# Dev Log: Fix Stalled Data Collection (Widen Used Net)

**Date:** 2026-02-13
**Task:** Investigate and Fix Stalled Data Collection (91% Rejection Rate)
**Status:** SUCCESS

## 1. Overview
The user reported that the dashboard deal count was stuck at 86 for several days, despite the system running. Diagnostics revealed a **91% rejection rate**, with the primary cause being "Missing 'List at'". This indicated that while deals were being fetched, they were failing the detailed analysis stage because the system could not determine a valid reference price.

## 2. Root Cause Analysis
-   **Diagnosis:** The "Peek" stage (initial filter) was too loose, and the "Commit" stage (detailed analysis) was too strict, creating a mismatch.
    -   **Peek Filter:** `check_peek_viability` was allowing deals that had *only* New or Amazon price history (but no Used history) to pass.
    -   **Commit Logic:** The downstream logic (`analyze_sales_performance`) strictly required "Used" (Index 2) or "Used - Good" (Index 21) history to calculate a "List at" price. It treated New/Amazon history as invalid for used books.
-   **Result:** The system would spend tokens fetching full details for items with only New history, only to reject them immediately because it couldn't calculate a "Used" reference price. This wasted tokens and stalled the accumulation of valid deals.

## 3. Solution Implemented
The strategy was to "widen the net" for valid used books while strictly excluding New-only items to align with the user's data accuracy requirements.

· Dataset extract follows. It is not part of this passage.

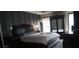 Bedroom with high ceilings, panel walls, neutral colors, and a wooden bed frame at 7825 Crownpoint Dr, Alpharetta, GA 30005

### A. Widen the Net (Include Sub-Conditions)
Modified `keepa_deals/smart_ingestor.py`, `keepa_deals/stable_calculations.py`, and `keepa_deals/new_analytics.py` to recognize **ALL** standard Used sub-conditions as valid price history sources:
-   **Index 2:** Used
-   **Index 19:** Used - Like New
-   **Index 20:** Used - Very Good
-   **Index 21:** Used - Good
-   **Index 22:** Used - Acceptable

Previously, the system ignored indices 19, 20, and 22. Items that *only* had history in these specific sub-conditions (common for certain books) were being rejected.

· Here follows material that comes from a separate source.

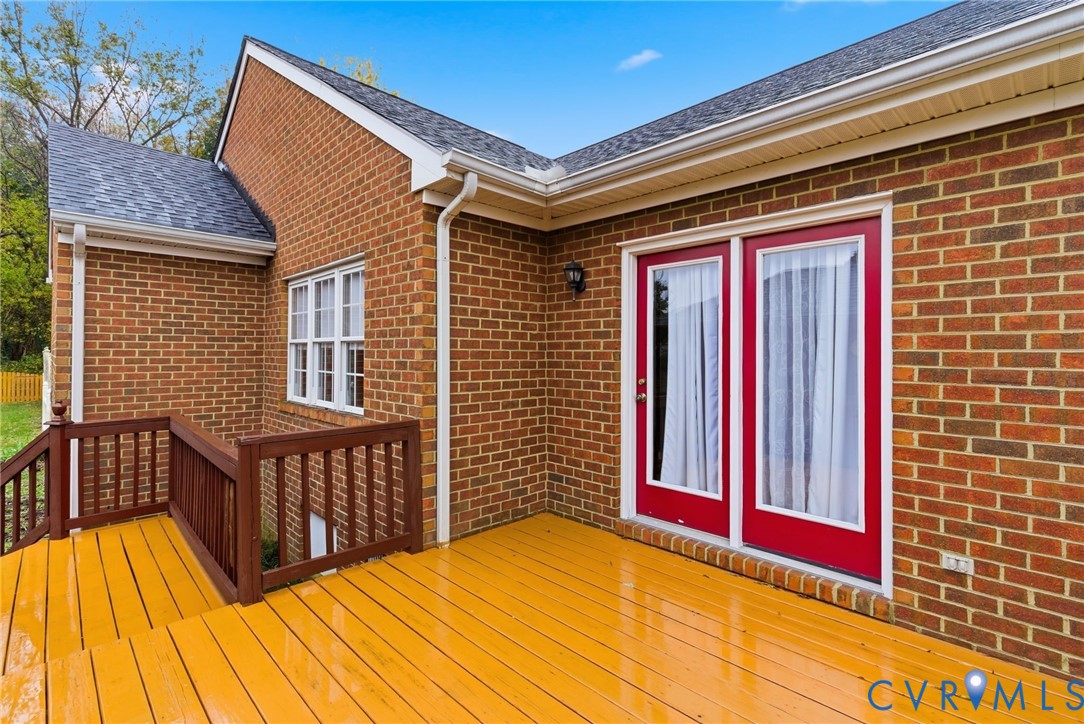 8420 Lee Davis Road Mechanicsville, VA 23116 - Photo 41 of 45 a view of a balcony with wooden floor and fence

### B. Strict Exclusion of New/Amazon
Updated `check_peek_viability` in `keepa_deals/smart_ingestor.py` to **explicitly ignore** New (Index 1) and Amazon (Index 0) price history.
-   **Why:** The user confirmed that "inferred sale price" must reflect used book value. Using New/Amazon prices as a proxy is inaccurate.
-   **Outcome:** Deals that *only* have New/Amazon history are now rejected at the very first step (Peek), saving tokens for valid used book candidates.

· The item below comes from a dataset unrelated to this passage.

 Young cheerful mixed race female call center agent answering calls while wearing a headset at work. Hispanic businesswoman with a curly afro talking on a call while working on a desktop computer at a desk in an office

## 4. Challenges & Verification
-   **Challenge:** Ensuring the filter logic exactly matched the processing logic to prevent token waste.
-   **Verification:** Created a diagnostic script `test_peek_filter_strictness.py` which confirmed:
    -   **Case A (New Only):** REJECTED (Correct).
    -   **Case B (Used):** ACCEPTED (Correct).
    -   **Case E (Used - Acceptable Only):** ACCEPTED (Correct - previously failed).

## 5. Conclusion
The system now correctly targets *any* valid used book (regardless of sub-condition) while filtering out irrelevant New-only inventory. This should resolve the 90% rejection rate and allow the deal count to grow beyond 86.